I am currently studying integral domains and see that if $ab = ac$ and $a \neq 0$, then we have $b = c$. I was wondering whether the same is true for three nonzero subsets $I, J, K$ of an integral domain $R$, namely, if $I, J, K$ be three nonzero subsets of an integral domain $R$ such that none of them are equal with $R$ and contains $1$ and satisfies $IJ = IK$, then does this imply that $J = K$? (For nonempty subsets $A, B$ of $R$, we mean $AB = \{ab \mid a \in A \text{ and } b \in B\}$).
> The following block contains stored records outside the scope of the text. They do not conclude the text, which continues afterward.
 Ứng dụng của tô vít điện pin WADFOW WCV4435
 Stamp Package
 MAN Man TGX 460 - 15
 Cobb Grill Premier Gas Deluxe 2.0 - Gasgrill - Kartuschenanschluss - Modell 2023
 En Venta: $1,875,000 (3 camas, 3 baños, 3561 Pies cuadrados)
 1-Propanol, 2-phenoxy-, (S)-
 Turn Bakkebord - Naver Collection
Also, if the answer is not affirmative, then what kind of domains satisfy this cancellative property about subsets?

Answer 1

The real numbers are a field, and therefore an integral domain, and yet $$ (0,\infty)\cdot (1,\infty)=(0,\infty)\cdot (0,\infty)=(0,\infty) \, . $$ In fact, any integral domain $R$ which satisfies the desired property is isomorphic to $\mathbb Z/2\mathbb Z$. The proof is simple: since $$ \left(R\setminus\{0\}\right)\cdot \left(R\setminus \{0\}\right)=\left(R\setminus\{0\}\right)\cdot \{1\}=R\setminus\{0\} \, , $$ it follows that $R\setminus \{0\}=\{1\}$, so $R=\{0,1\}$. Since $1\neq0$ in an integral domain, $R$ has two elements, and any ring with two elements is isomorphic to $\mathbb Z/2\mathbb Z$. (Note that we also implicitly used the fact that $1\neq0$ to conclude that $R\setminus\{0\}$ contains $1$ when we were doing the above calculation.)
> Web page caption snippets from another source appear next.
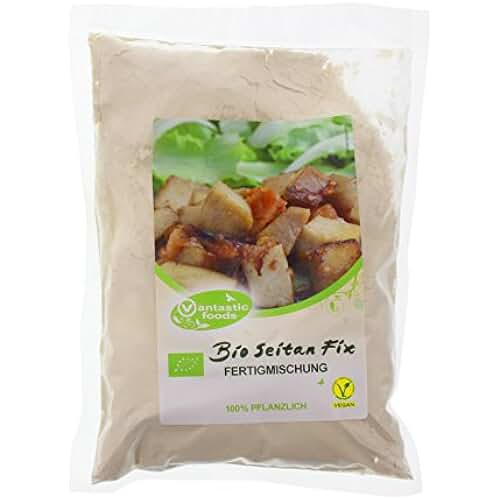 Suchergebnis auf Amazon.de für Seitan fix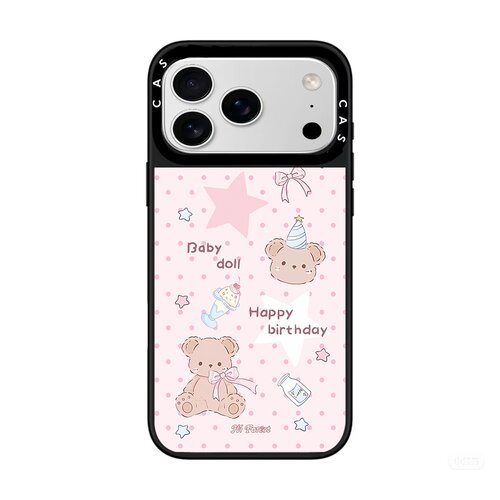 CA适用苹果17iPhone14plus15镜面13promax16磁吸森林早报手机壳12mini软边防摔11新款高级感xr男女保护套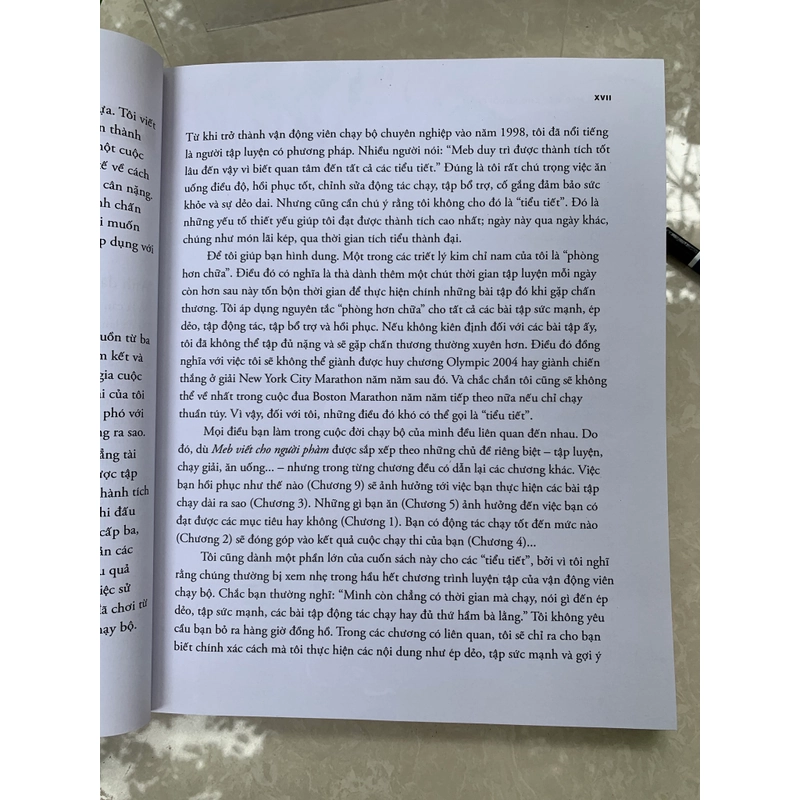 MEB VIẾT CHO NGƯỜI PHÀM - MEB KEFLEZIGHI & SCOTT DOUGLASS 549354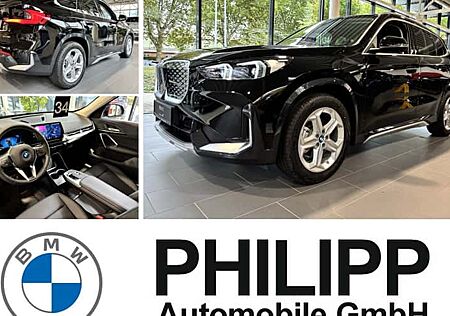 BMW iX1 eDrive20 5 Türen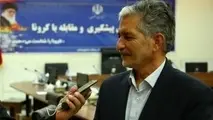 افتتاح آزادراه شرق اصفهان به شکل ویدئو کنفرانس توسط رئیس جمهور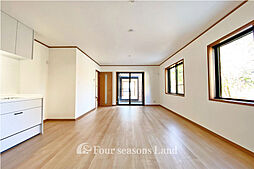 中古一戸建　大磯町西小磯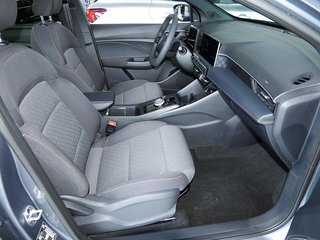 MG 3 Hybrid+ Comfort KEYLESS PDC KAMERA NAVI - bilder 2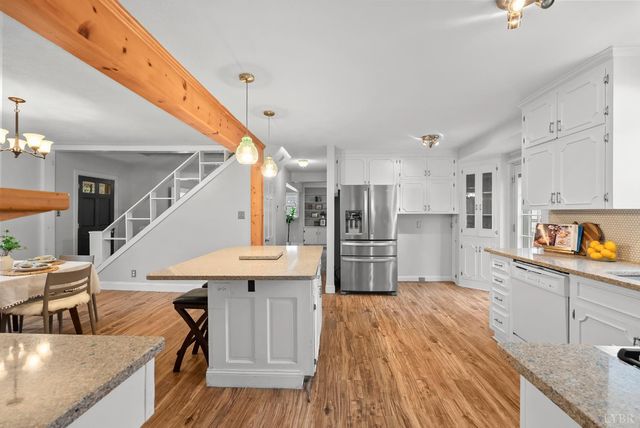 3824 Cambria, Lynchburg, VA 24501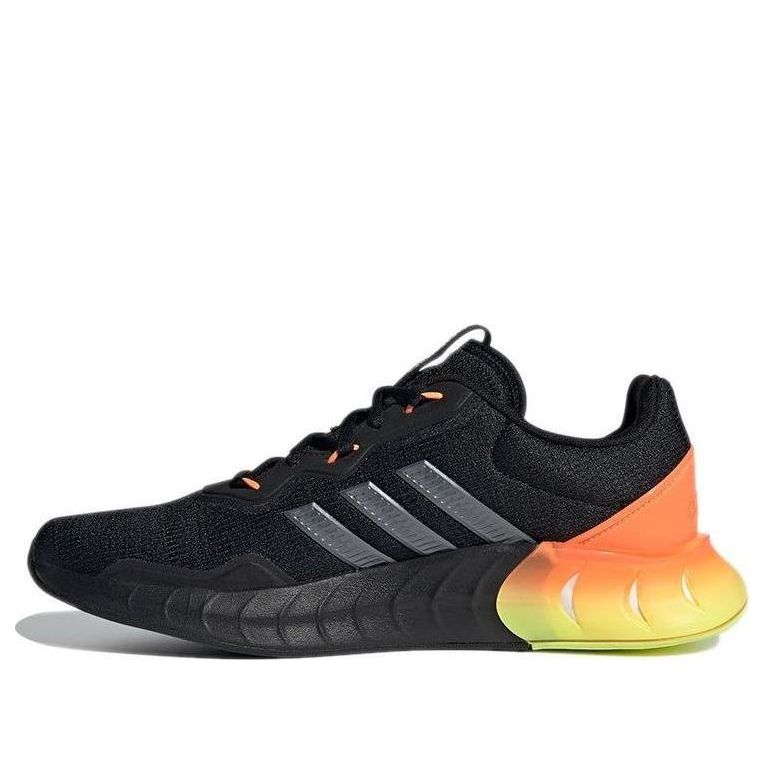 adidas Kaptir 'Black Gradient' FZ2857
Even in $\mathbb Z/2\mathbb Z$, we have $\{0\}\cdot\{0\}=\{0\}\cdot \{1\}$, but I understand from your question that this is okay.

Answer 2

We should definitely not expect this cancellation property of set multiplication. It's not even true in the real numbers: take for example $J=\{1\}$ and $K=\{-1,1\}$ and $I=[-7,7]$ (or any set that's symmetric with respect to the origin).